WHAT YOU ARE ASKED TO DO: Copy exactly the lines from the one containing "5NPE34AF6HH551281 фото 2" through the last line of the records below, both included, and leave out the pictures.

RECORDS TO PROCESS:
----

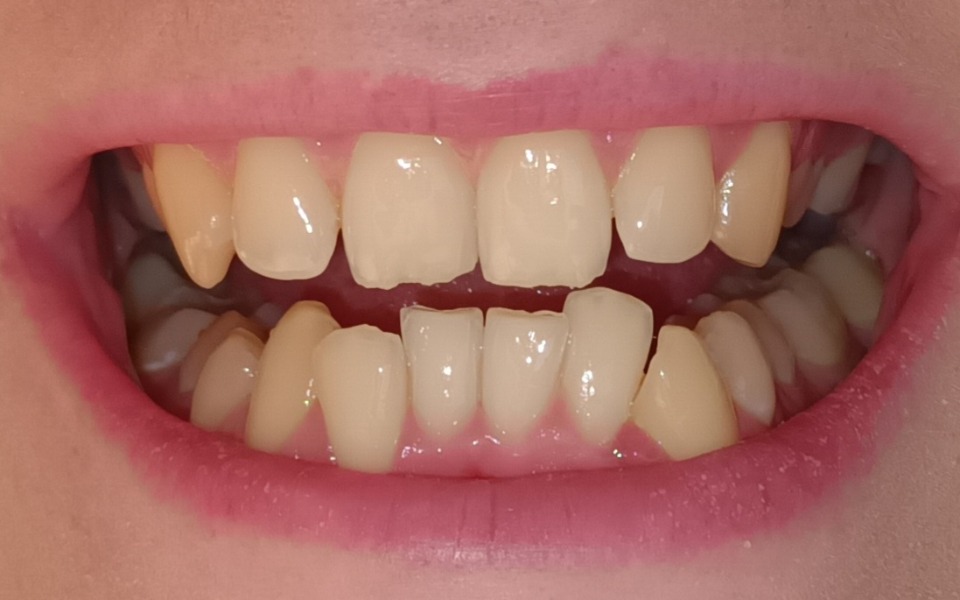 
        Zbiórka Założenie aparatu na zęby - zdjęcie główne
    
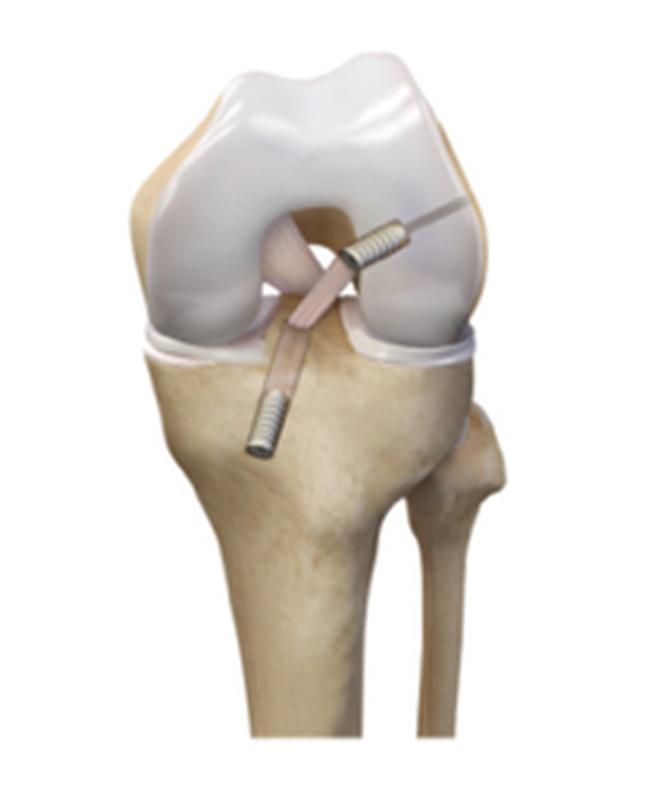 Imagem mostrando a cirurgia de reconstrução do LCA utilizando parafusos absorvíveis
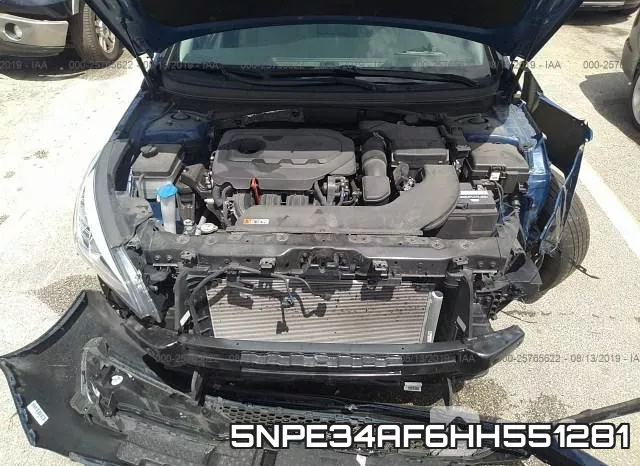 5NPE34AF6HH551281 фото 2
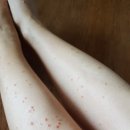 대학병원 예약해두었는데.. 광선치료 먼저 시작할까요? 이미지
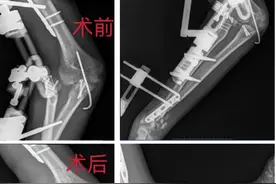 永州市中医医院成功开展上肢多发骨折术后翻修手术图片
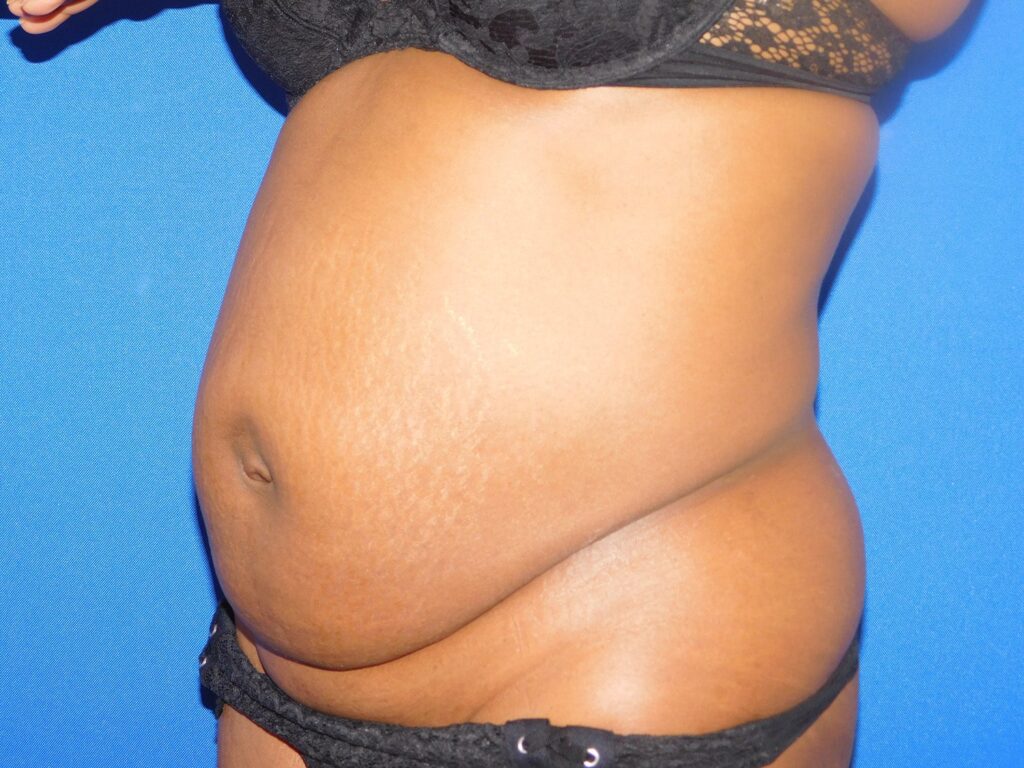 Before Image: Abdominoplasty - left-front-oblique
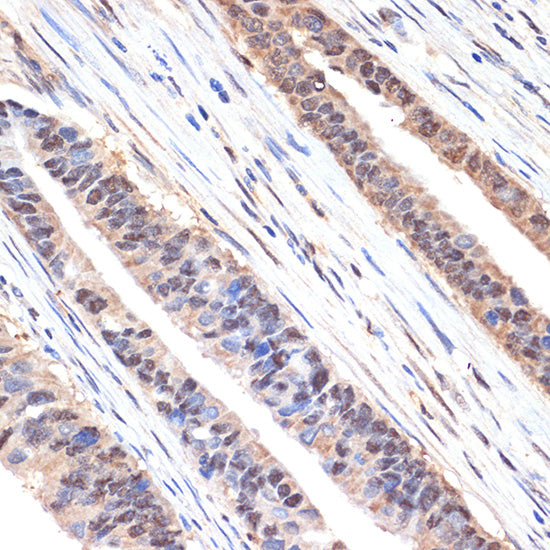 sestrin 1 Rabbit mAb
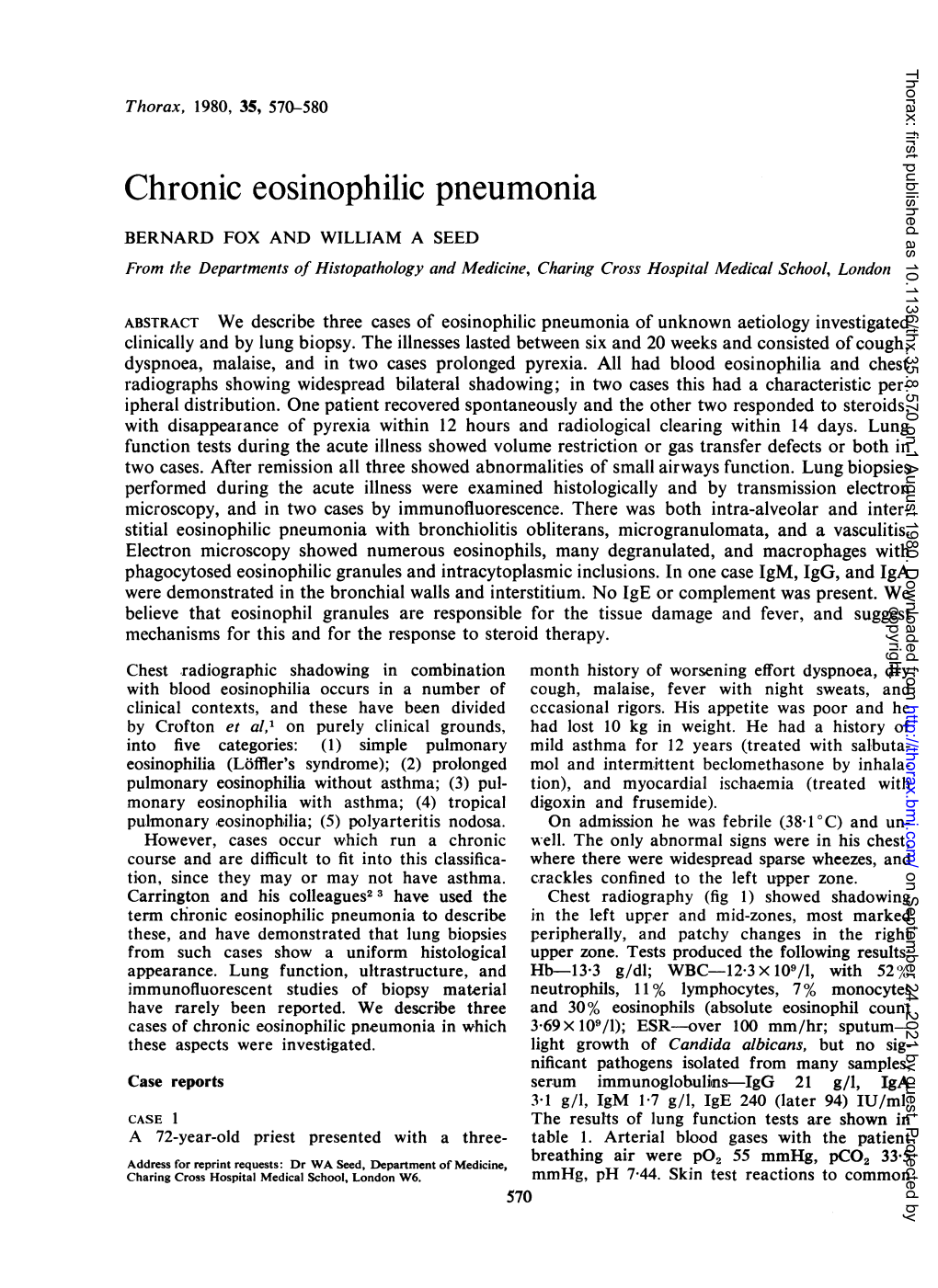 Chronic Eosinophilic Pneumonia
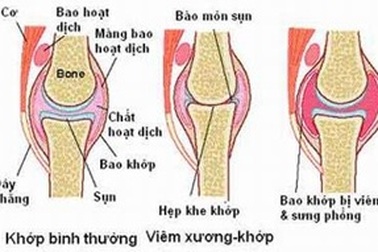 Nguyên nhân và giải pháp điều trị viêm khớp dạng thấp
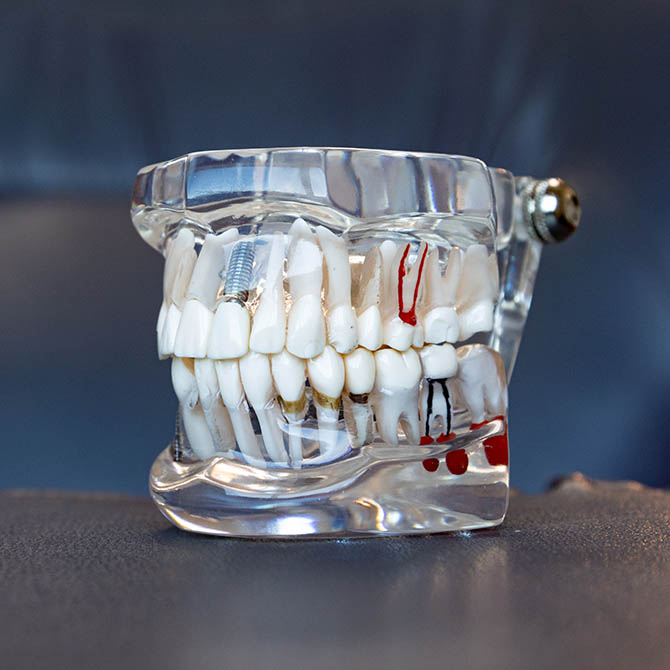 Keep a Healthy Smile With General & Preventive Dentistry in Colorado Springs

----

WRITTEN RESPONSE:
 5NPE34AF6HH551281 фото 2
 대학병원 예약해두었는데.. 광선치료 먼저 시작할까요? 이미지
 永州市中医医院成功开展上肢多发骨折术后翻修手术图片
 Before Image: Abdominoplasty - left-front-oblique
 sestrin 1 Rabbit mAb
 Chronic Eosinophilic Pneumonia
 Nguyên nhân và giải pháp điều trị viêm khớp dạng thấp
 Keep a Healthy Smile With General & Preventive Dentistry in Colorado Springs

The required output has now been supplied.